═════ AVAILABLE DATA
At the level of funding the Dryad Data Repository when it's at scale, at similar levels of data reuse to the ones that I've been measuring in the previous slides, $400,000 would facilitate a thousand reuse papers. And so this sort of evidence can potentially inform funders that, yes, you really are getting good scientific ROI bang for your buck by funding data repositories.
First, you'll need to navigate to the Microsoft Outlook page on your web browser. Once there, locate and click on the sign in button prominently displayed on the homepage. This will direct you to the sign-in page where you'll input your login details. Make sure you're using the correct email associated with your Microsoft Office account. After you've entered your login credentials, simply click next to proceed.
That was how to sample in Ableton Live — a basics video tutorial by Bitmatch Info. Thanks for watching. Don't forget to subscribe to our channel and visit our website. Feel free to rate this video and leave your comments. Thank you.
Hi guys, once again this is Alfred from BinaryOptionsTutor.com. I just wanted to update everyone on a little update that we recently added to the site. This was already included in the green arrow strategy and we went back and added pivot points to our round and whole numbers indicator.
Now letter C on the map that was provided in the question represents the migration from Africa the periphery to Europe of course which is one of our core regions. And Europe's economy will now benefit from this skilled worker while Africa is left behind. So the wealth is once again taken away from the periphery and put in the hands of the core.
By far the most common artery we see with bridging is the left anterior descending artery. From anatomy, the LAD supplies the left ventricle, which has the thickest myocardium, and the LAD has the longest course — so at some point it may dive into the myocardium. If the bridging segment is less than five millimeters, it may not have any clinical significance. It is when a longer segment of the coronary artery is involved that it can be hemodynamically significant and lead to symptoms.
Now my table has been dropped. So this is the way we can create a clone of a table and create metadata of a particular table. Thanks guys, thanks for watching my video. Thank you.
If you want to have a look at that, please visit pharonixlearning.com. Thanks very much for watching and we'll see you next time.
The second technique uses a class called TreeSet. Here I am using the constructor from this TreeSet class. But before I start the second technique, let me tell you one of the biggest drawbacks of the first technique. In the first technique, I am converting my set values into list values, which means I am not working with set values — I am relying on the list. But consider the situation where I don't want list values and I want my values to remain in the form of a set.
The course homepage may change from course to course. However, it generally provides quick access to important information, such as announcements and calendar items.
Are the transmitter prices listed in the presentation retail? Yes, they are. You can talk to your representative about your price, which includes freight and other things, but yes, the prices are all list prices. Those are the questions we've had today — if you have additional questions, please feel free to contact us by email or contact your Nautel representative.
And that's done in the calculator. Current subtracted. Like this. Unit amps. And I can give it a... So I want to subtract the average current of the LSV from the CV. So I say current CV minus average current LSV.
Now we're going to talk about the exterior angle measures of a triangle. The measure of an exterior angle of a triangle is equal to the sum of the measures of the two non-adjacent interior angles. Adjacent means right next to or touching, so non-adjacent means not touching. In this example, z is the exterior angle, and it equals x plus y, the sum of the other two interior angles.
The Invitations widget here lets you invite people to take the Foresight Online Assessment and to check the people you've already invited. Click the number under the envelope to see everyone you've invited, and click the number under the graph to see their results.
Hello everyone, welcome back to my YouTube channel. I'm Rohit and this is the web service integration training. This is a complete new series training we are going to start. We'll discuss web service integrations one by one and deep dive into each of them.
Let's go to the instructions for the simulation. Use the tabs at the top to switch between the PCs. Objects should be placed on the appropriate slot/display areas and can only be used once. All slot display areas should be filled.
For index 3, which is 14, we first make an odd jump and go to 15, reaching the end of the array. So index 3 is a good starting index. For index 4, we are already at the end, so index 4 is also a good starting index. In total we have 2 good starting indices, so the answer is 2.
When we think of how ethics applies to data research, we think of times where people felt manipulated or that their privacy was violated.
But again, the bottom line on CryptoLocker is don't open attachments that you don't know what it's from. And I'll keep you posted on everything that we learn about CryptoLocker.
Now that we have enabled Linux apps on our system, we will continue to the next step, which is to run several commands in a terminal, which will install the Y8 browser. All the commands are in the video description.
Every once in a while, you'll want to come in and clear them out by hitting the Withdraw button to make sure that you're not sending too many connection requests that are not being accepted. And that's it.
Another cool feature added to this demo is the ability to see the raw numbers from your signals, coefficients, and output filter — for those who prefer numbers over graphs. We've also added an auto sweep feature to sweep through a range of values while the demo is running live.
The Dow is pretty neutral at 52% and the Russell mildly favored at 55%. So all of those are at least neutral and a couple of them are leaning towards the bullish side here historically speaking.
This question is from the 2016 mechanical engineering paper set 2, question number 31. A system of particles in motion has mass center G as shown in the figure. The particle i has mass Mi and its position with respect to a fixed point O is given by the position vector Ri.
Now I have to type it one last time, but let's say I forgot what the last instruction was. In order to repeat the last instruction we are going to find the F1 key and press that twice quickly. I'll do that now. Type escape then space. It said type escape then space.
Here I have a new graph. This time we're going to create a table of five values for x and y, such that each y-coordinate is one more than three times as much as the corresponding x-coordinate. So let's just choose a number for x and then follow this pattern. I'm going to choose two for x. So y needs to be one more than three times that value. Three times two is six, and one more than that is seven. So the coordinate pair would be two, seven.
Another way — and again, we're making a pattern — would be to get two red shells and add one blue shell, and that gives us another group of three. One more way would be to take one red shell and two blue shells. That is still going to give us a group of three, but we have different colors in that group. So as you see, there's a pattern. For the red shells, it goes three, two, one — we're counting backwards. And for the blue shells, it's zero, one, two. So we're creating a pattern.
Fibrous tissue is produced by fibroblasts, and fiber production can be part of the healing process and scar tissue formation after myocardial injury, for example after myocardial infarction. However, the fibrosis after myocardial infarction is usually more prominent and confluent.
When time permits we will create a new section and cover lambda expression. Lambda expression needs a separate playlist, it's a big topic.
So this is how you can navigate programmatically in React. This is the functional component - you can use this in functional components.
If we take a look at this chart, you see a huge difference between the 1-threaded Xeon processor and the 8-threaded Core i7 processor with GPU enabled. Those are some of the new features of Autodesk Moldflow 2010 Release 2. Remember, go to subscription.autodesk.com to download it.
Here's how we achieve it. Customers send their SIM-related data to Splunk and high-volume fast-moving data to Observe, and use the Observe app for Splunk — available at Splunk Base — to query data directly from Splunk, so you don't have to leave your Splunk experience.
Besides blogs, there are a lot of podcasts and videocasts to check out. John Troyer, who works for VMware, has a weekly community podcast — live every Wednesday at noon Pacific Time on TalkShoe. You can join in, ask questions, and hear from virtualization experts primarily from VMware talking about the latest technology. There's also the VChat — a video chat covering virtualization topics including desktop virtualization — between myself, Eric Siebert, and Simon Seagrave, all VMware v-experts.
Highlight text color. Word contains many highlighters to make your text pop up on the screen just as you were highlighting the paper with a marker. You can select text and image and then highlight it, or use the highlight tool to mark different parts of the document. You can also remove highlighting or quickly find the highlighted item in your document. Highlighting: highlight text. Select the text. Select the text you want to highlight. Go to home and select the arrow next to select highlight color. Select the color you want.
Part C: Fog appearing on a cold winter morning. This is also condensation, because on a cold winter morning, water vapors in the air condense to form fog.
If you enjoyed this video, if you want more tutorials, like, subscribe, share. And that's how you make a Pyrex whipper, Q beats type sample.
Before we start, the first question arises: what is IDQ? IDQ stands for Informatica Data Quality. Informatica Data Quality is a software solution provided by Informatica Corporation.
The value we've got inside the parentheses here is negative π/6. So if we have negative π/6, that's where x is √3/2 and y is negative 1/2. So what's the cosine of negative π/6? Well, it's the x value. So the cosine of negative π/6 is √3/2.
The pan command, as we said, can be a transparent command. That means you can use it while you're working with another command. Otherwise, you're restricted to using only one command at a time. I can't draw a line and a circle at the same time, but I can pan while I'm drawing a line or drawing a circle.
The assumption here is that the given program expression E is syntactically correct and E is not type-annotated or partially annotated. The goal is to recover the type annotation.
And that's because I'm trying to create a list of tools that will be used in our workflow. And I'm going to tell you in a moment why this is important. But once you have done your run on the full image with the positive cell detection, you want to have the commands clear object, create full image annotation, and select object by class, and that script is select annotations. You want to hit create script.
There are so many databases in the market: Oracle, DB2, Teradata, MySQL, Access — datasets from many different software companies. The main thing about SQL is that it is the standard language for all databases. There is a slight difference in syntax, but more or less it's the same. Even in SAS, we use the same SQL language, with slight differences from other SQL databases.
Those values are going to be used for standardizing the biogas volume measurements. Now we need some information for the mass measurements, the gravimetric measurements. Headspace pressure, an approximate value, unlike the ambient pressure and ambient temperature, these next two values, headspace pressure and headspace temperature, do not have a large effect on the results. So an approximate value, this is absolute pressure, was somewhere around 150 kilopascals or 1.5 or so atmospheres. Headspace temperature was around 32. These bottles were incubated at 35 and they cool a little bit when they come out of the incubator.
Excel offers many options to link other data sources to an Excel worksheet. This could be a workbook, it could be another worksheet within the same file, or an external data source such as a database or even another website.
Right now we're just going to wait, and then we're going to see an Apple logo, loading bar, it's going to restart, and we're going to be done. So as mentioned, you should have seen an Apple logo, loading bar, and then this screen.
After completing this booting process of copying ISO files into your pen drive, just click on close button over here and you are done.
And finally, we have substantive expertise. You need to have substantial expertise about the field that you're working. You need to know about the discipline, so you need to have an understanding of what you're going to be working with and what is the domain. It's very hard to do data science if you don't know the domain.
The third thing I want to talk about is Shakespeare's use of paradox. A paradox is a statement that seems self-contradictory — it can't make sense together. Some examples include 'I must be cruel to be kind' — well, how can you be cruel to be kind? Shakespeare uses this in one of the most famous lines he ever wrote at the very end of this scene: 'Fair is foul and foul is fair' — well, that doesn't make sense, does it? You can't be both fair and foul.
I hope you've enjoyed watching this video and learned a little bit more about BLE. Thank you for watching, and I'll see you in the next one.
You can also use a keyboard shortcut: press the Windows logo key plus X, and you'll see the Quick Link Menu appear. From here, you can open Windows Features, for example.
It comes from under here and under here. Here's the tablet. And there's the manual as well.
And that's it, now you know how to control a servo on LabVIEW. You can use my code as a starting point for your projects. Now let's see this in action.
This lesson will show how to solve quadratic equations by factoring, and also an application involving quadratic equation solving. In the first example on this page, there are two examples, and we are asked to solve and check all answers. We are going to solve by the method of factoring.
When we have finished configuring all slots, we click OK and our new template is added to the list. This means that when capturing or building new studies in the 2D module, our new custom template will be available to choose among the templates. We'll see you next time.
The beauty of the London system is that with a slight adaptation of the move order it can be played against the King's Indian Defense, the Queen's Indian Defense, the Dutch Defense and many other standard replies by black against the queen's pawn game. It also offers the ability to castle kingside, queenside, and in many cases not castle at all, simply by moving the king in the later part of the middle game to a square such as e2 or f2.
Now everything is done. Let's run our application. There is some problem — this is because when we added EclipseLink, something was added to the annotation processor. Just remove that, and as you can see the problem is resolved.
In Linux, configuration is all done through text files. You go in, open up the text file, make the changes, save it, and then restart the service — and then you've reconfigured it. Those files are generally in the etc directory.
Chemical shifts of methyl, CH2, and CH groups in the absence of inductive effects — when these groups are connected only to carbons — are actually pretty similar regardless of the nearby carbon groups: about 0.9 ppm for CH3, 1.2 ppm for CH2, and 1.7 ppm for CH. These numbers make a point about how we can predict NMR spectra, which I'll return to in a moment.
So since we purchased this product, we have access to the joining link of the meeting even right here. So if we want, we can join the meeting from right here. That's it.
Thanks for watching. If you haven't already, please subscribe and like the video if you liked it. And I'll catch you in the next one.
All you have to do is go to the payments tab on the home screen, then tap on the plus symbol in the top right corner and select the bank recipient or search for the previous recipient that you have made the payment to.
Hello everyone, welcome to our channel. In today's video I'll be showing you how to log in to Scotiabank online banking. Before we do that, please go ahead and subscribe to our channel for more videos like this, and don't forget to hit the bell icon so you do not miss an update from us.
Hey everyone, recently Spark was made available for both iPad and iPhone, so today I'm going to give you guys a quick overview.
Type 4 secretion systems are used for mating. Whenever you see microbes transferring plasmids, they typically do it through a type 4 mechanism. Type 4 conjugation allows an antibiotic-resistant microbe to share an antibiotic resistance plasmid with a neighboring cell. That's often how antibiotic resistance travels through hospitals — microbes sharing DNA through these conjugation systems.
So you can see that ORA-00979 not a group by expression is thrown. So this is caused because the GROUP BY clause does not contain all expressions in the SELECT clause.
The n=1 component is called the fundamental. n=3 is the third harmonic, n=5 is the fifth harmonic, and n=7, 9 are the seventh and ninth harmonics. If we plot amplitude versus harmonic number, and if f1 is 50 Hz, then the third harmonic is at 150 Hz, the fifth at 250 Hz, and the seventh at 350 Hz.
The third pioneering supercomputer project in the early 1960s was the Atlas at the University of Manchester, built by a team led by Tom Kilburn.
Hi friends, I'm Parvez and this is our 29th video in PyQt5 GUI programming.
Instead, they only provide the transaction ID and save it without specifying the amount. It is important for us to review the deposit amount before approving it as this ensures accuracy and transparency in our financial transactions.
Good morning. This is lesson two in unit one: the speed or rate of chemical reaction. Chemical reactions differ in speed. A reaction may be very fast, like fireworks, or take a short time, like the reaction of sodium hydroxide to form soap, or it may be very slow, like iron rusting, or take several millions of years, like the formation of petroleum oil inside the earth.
══════════
» **DIRECTIONS FOR THIS TASK**: Retype exactly the lines of the data above that fall between the line with "When time permits" and the line with "Besides blogs, there", inclusive, and add nothing.

» **ANSWER SECTION**:
When time permits we will create a new section and cover lambda expression. Lambda expression needs a separate playlist, it's a big topic.
So this is how you can navigate programmatically in React. This is the functional component - you can use this in functional components.
If we take a look at this chart, you see a huge difference between the 1-threaded Xeon processor and the 8-threaded Core i7 processor with GPU enabled. Those are some of the new features of Autodesk Moldflow 2010 Release 2. Remember, go to subscription.autodesk.com to download it.
Here's how we achieve it. Customers send their SIM-related data to Splunk and high-volume fast-moving data to Observe, and use the Observe app for Splunk — available at Splunk Base — to query data directly from Splunk, so you don't have to leave your Splunk experience.
Besides blogs, there are a lot of podcasts and videocasts to check out. John Troyer, who works for VMware, has a weekly community podcast — live every Wednesday at noon Pacific Time on TalkShoe. You can join in, ask questions, and hear from virtualization experts primarily from VMware talking about the latest technology. There's also the VChat — a video chat covering virtualization topics including desktop virtualization — between myself, Eric Siebert, and Simon Seagrave, all VMware v-experts.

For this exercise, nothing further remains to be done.